Monday, March 2, 2009
“The struggle is good,” the intellectual said. “And it’s important. I only wish the leaders of the opposition were different people. I’m waiting for someone I can believe in. But I hope the turnout at the rally is big, so the president and his men understand, and see with their own eyes, that people are dissatisfied, and want change.”
As I walked up Mashtots, and saw that people were standing all the way down to Nairi Cinema, I knew the turnout was a large one. Making my way up to where the street turns and becomes Koryun (Srjanayin), I saw a group of about 100 university age students marching along the street, holding flags high and shouting “Ankakh Hayastan,” before winding their way through the crowd and up the stone steps towards the Matenadaran.

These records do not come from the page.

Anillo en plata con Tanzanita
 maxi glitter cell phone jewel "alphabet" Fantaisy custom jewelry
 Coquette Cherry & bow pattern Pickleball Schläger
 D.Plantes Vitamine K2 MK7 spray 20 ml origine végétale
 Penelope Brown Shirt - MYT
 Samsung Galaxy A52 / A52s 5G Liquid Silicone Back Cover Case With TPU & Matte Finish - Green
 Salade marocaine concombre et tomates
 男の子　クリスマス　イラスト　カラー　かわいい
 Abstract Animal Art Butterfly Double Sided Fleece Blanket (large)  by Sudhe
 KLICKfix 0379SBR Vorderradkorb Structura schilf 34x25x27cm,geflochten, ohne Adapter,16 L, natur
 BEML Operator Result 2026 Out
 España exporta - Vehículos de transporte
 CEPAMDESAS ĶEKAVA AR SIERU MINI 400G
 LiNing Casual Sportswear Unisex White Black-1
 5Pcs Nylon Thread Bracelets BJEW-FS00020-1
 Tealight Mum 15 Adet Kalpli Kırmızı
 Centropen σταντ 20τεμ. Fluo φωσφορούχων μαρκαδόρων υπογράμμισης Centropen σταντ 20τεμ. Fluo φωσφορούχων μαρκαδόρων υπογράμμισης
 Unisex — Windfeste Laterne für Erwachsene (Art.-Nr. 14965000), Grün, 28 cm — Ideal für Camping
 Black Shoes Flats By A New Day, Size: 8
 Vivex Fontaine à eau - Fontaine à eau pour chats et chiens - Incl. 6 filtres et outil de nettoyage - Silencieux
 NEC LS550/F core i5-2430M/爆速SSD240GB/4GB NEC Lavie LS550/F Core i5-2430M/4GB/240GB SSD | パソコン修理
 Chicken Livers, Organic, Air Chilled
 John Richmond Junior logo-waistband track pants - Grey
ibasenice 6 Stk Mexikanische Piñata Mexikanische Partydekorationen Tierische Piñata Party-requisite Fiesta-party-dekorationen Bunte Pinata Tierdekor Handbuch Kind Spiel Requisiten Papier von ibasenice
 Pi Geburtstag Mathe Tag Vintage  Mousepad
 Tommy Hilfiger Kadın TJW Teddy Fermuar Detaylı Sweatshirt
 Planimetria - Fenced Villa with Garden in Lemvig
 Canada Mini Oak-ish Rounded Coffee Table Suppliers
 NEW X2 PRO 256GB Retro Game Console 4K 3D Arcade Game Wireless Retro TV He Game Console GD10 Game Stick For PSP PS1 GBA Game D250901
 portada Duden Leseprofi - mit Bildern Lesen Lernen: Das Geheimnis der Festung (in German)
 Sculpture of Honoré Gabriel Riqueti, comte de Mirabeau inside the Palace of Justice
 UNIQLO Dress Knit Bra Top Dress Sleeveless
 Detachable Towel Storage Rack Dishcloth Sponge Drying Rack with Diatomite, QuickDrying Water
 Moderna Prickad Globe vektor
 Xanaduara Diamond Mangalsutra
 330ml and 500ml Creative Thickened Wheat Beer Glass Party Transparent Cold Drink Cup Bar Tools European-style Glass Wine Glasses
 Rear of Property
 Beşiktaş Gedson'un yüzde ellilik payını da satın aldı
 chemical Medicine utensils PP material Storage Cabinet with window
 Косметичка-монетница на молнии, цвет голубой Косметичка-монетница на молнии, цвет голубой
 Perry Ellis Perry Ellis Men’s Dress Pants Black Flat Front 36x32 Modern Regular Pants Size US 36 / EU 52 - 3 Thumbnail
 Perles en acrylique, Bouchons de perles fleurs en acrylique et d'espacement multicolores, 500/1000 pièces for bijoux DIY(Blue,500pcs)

As opposed to the rallies of several months ago, making one’s way to the top steps was difficult. The crowd seemed to be at least 50,000, as people were spread all over the surrounding hillsides and along the steps leading towards the top where Levon Ter Petrosyan and his people gathered.
Before introducing Ter Petrosyan, the speaker read the names of those who died on March 1 of last year, and then asked for a minute of silence. He then introduced Ter Petrosyan as “the president of Armenia.” The crowd, many holding banners and flags, began shouting “Levon, nakhagah…” The former president began by telling of Human Rights Watch’s recent declaration about the illegality and lack of justice of the government involving the trials and imprisonment of many involved in last year’s protests. I remembered one of my own reasons for coming to the rally, besides to remember those who died last year, that being the words of a higher up in the ruling party: “Why have a rally…all they should do is have a memorial evening of sorts…there’s no reason to hold a rally, all is well in Armenia.”
Having another engagement (a memorial for architect Armen Hakhnazaryan, a noted patriot who did much for the study and research of Armenian historical monuments, and who died recently), I had to leave the rally early, barely making my way down Mashtots, as men and women, old and young, continued to make their way up the hill towards the Matenadaran.